The same sort of story is told in every set of parish accounts that we possess—a story of popular devotion to the material fabric of the parish church. To take another and later example: At St. Mary’s, Cambridge, 1515, it was necessary to build a porch and a vestry, and the people determined to make a voluntary collection for the work each Sunday during the last six months of the year. At these, from 6s. to 8s.—from £4 to £5 of our money—was gathered each time, and the building was carried out under the supervision of the churchwardens.

The evidence of mediæval wills is the same as to this very general interest in church building. For example, Robert Dacres of Beverley, a weaver, who died in 1498, left £16 for the making of the north aisle of the church—the parish church in which he had worshipped—provided the wardens began the work within a year. If they did not do so, then the money was to be spent on ornamenting the church. So, too, the will of Robert Pynbey, a chantrey priest of Hornby, shows that, conjointly with another priest, he had established a chantry, having previously built the south aisle of Hornby parish church. So, too, in 1490, the sub-dean of York leaves many legacies to assist in the repairs of the various churches with which he had been connected. In the same way some of the chantry certificates of the reign of Edward VI. reveal the fact that lands had been left to the churchwardens to sell for the purpose of rebuilding certain parish churches, and that they had been disposed of to that end.

It must, of course, be remembered that buildings and repairs of this kind were not lightly undertaken by the wardens without the full knowledge and consent of the parishioners generally. For example, in 1512-13 it was proposed to do some extensive works at St. Mary-at-Hill in London, and the entry in the churchwardens’ book is as follows:—

“It is determined that they shall go in hand with the building of the church at March next. Memorandum: that John Allthorpe and Stephen Sondyrson have promised to take charge and keep reckoning to pay all such workmen as shall make the battlements of our church of brick or stone or lead, as shall be thought best and determined by Mr. Alderman and the parishioners, and Mr. Parson is to assist them with his good diligence and wisdom to the best that he can, for the same: and Thomas Monders is chosen by the said parish to wait upon the said Stephen and Allthorpe in their absence and at their commandment for the furtherance of the same work.”

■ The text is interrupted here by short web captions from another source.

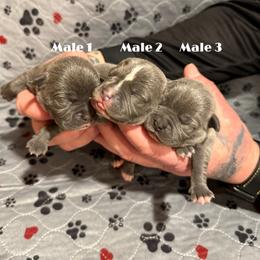 Male 1 - Blue male Staffordshire Bull Terrier puppy in Lakeland, Florida from Blueline Staffords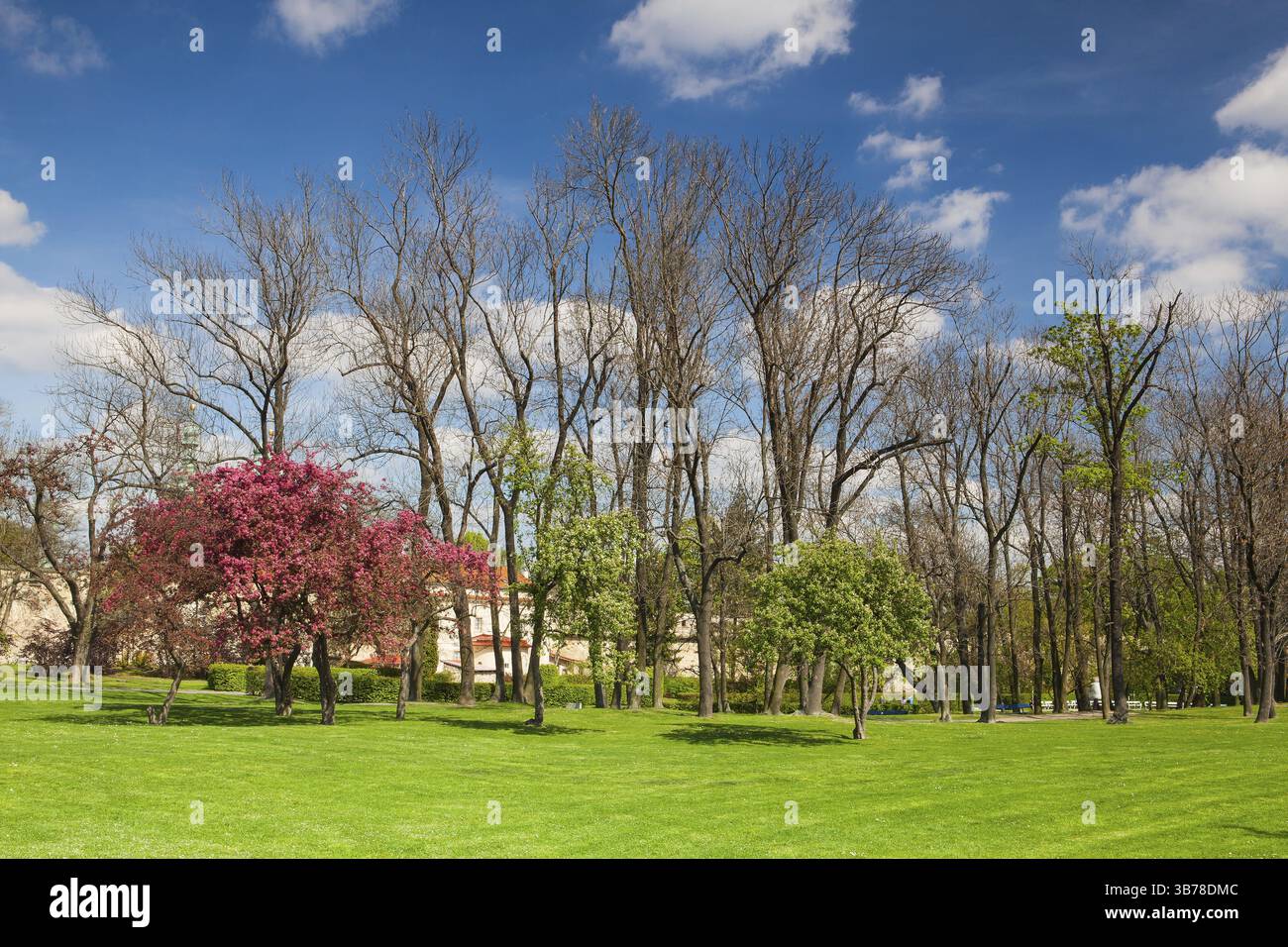 On the Petrin Hill in flowering spring park in Prague Stock Photo - Alamy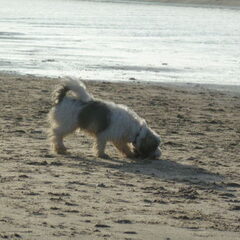 Dit is het liefste wat ik doe, rennen op het strand…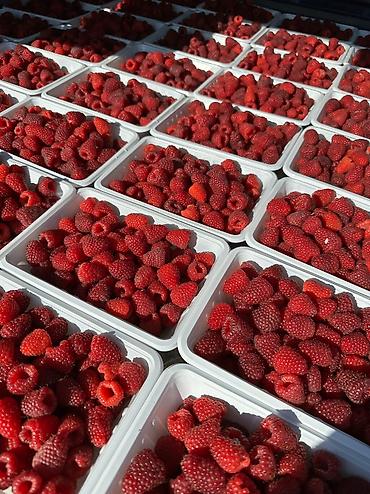 кочмо душ бишкек: Саженцы малины Полана – на осень под заказ 🌱 Принимаем заказы на — 7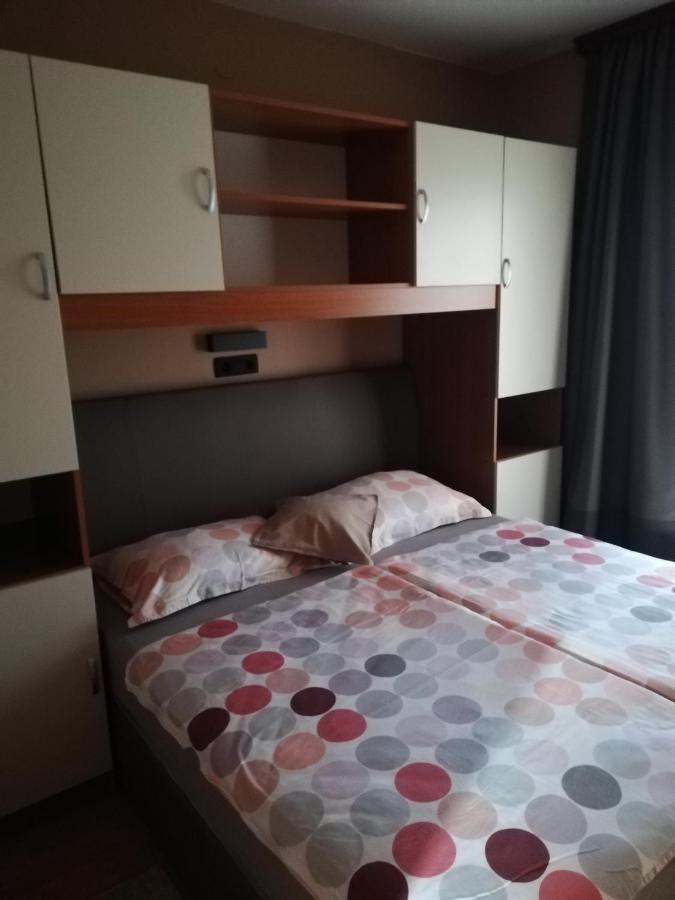 Apartmani Danijela Tomicic ロパール エクステリア 写真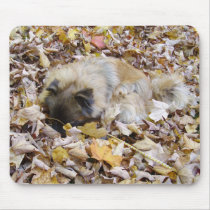 IMGP0794Foxy''s playing in leaves... mousepads by missyfoxy56 IMGP0794Foxy''s playing in leaves... mousepads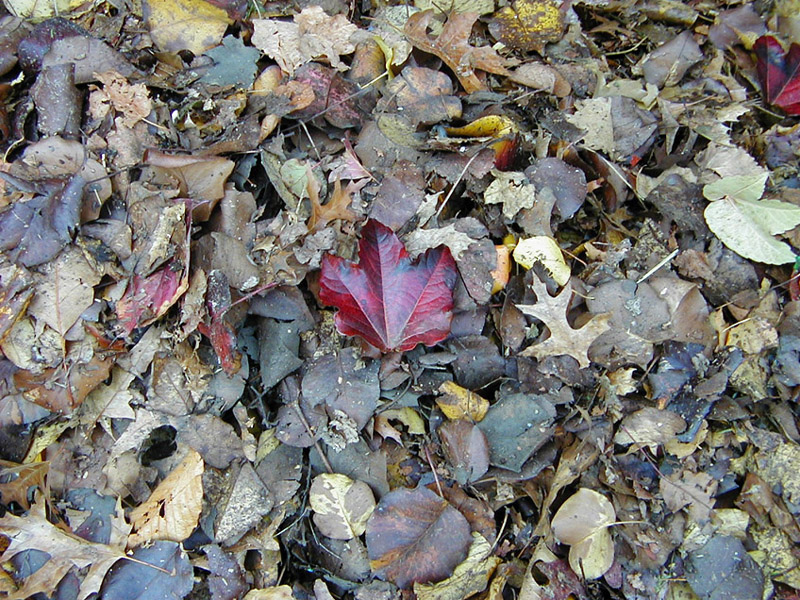 Burgundy Leaf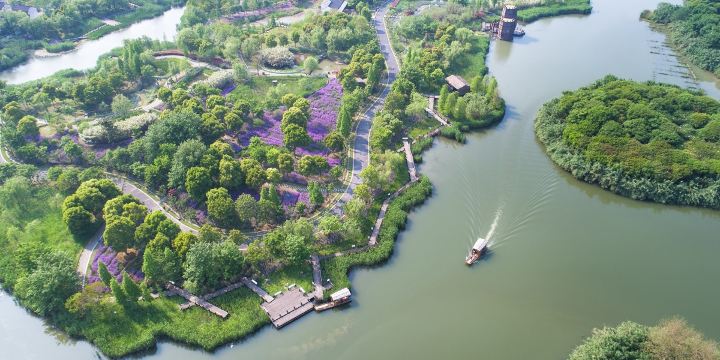 Shajiabang Reed Wetland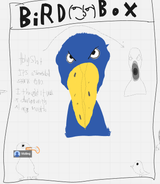 birdbox
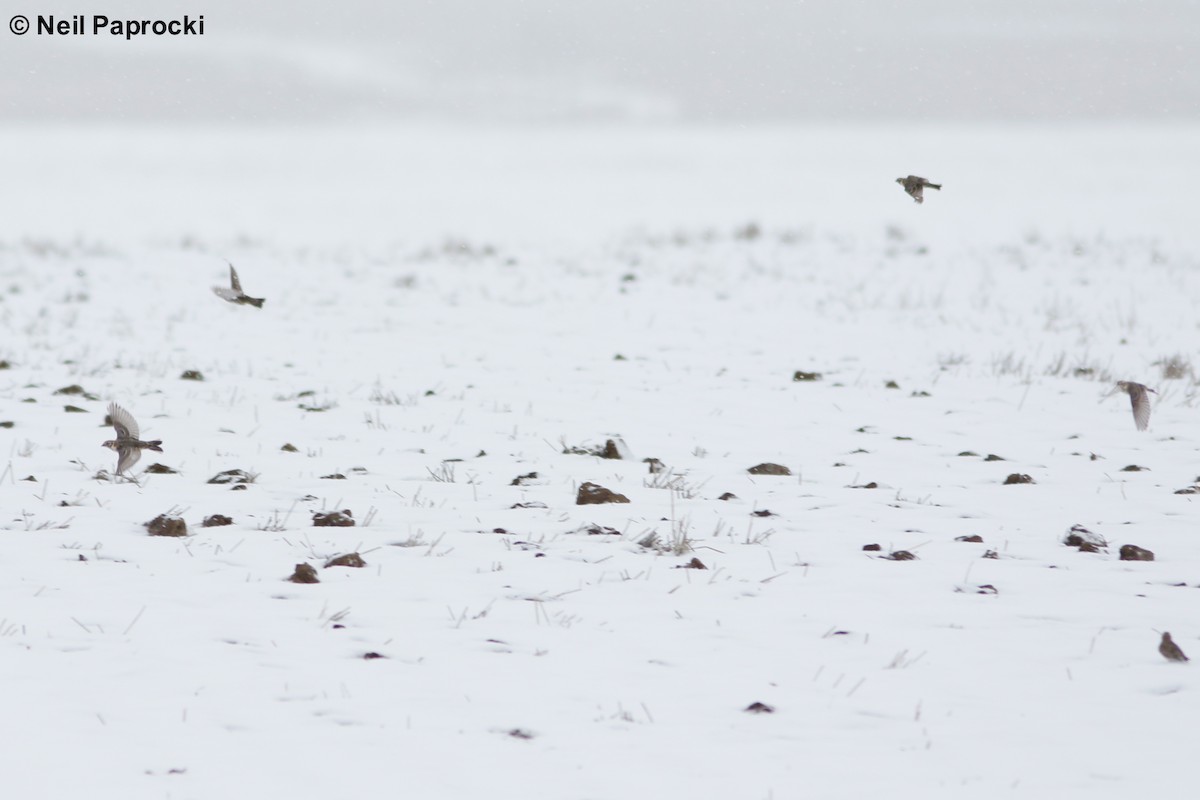 Lapland Longspur - Neil Paprocki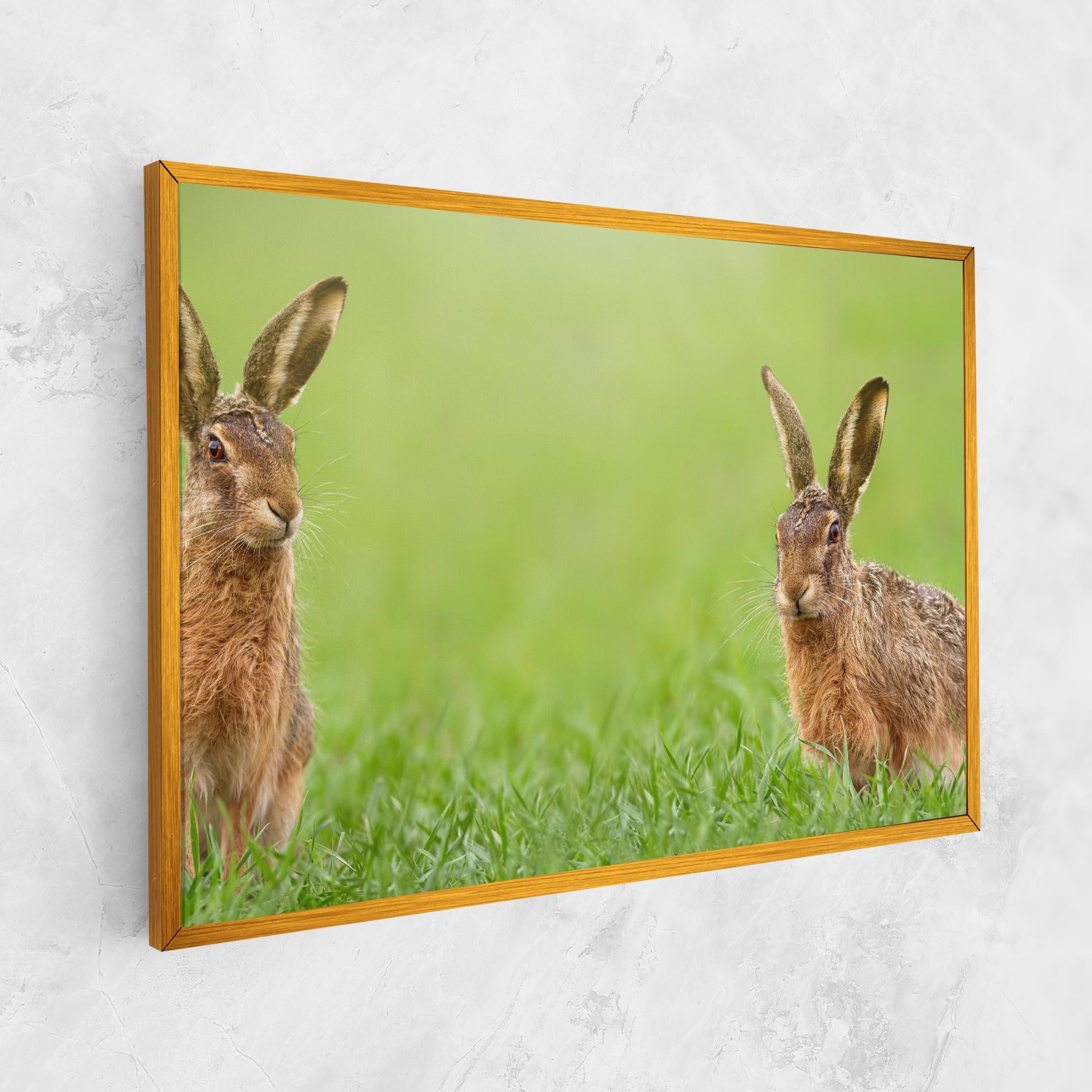 Leinwandbild Brown Hares mockup 1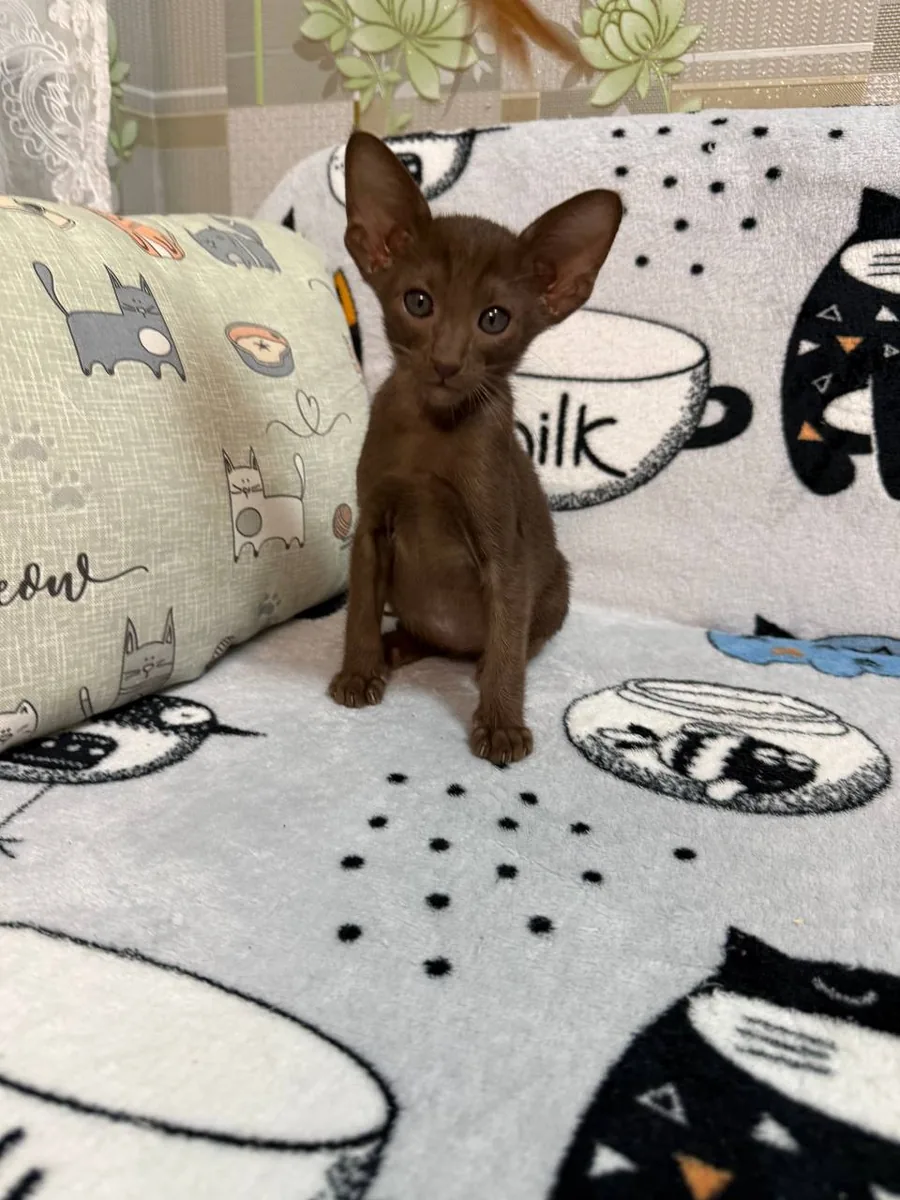 Chanel, Oriental Shorthair kitten, Chocolate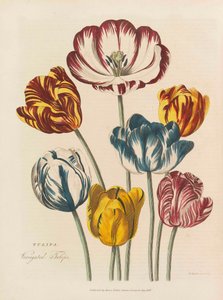 普遍的なハーブ、1824年。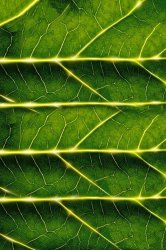 leafshelf.JPG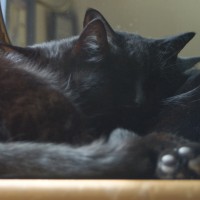two black cats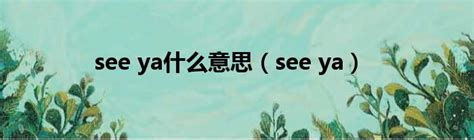 see you什么意思-see you什么意思,see you,什么,意思 - 早旭阅读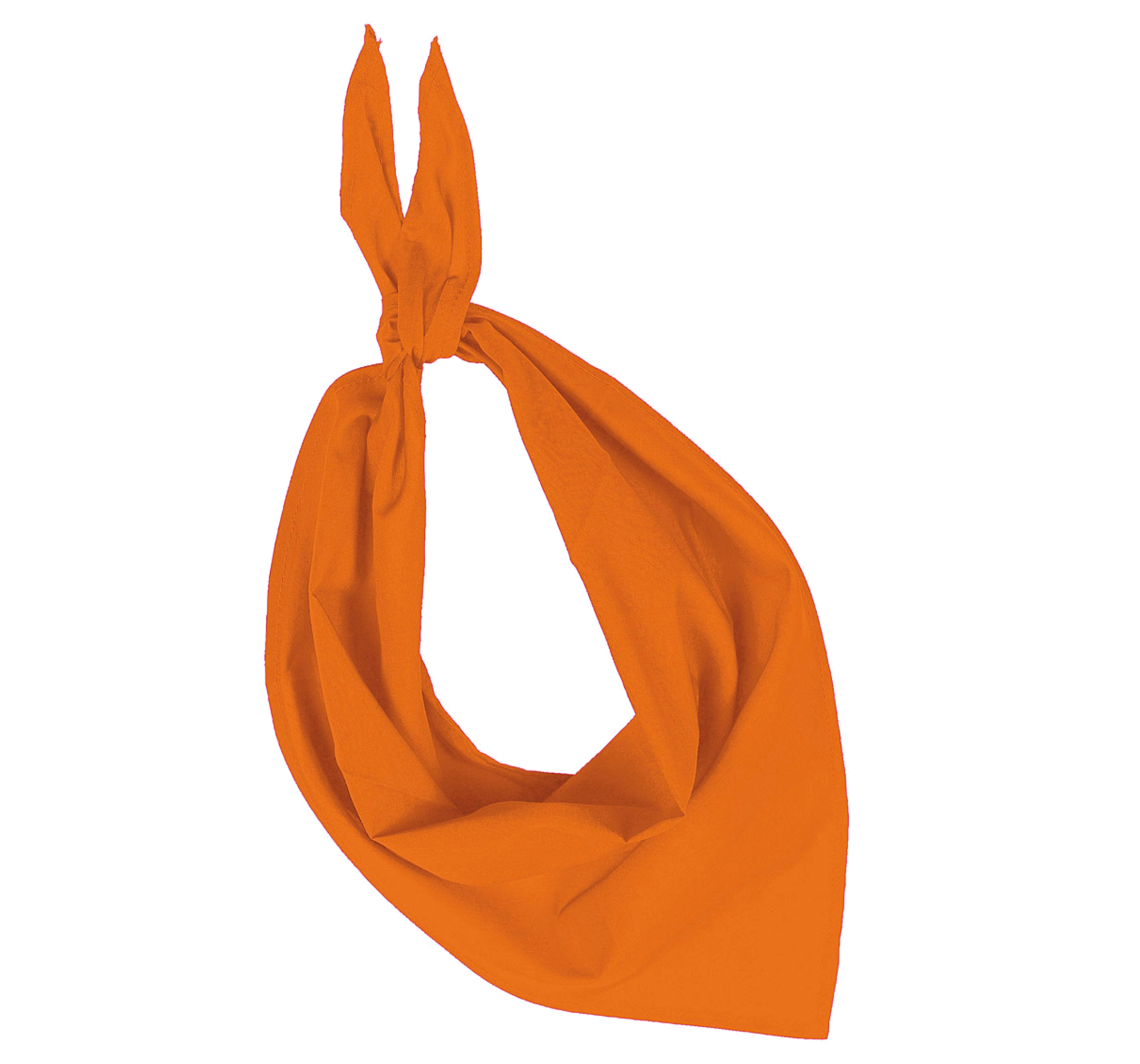 Miniature 10 pour Fiesta - Bandana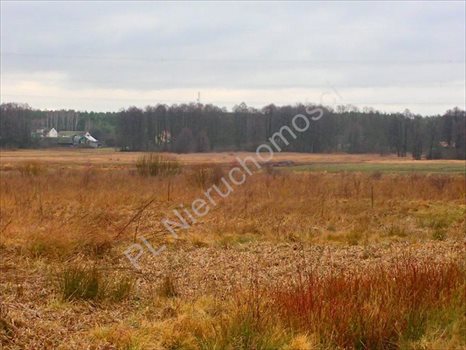 Działka rolna na sprzedaż Budy Przytockie 2 700m2 Foto 10
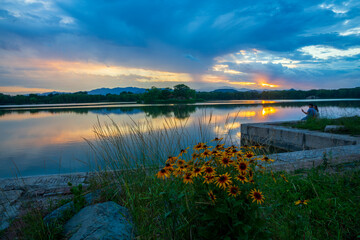 Fuhai sunset glow and wild chrysanthemum landscape at Yuanmingyuan, Beijing, China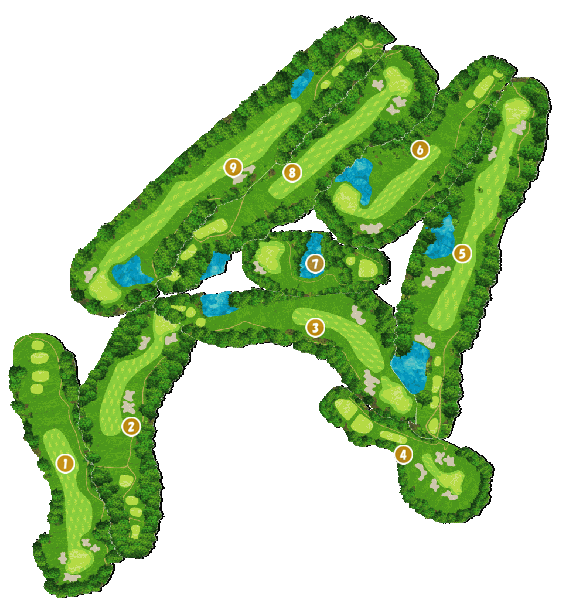 コース全体俯瞰図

The obligation of all to contribute to the common work of God’s house was well understood, and it was taught in many books of instructions popular in those days. For example, in Dives and Pauper the former is made to declare that “many say, God is in no lond so well served in holy Church, nor so much worshipped in holy Church, as He is in this lond of England. For so many fair churches, ne so good aray in churches, ne so fair service, as many say is in none other lond as it is in this lond.” Pauper does not deny this, but thinks that it is perhaps done from a spirit of pomp, “to have a name and worship thereby in the country, or for envy that one town hath against another.” Dives, with this lead, suggests that it might be better if the money thus spent “in high churches, in rich vestments, in curious windows, and in great bells,” were given to the poor. But Pauper urges that this is just what Judas thought, and declares that it is the common business of all, rich and poor alike, to look to the beautifying of God’s house.

By law, then, according to the statute of Archbishop Peckham in 1280, which remained in force till the Reformation, the parish, broadly speaking, was bound to find all that pertained to the services—such as vestments, chalice, missal, processional cross, paschal candle, etc.—and to keep the fabric and ornaments of the church proper in repair. In 1305 Archbishop Winchelsey somewhat enlarged the scope of the parish duties.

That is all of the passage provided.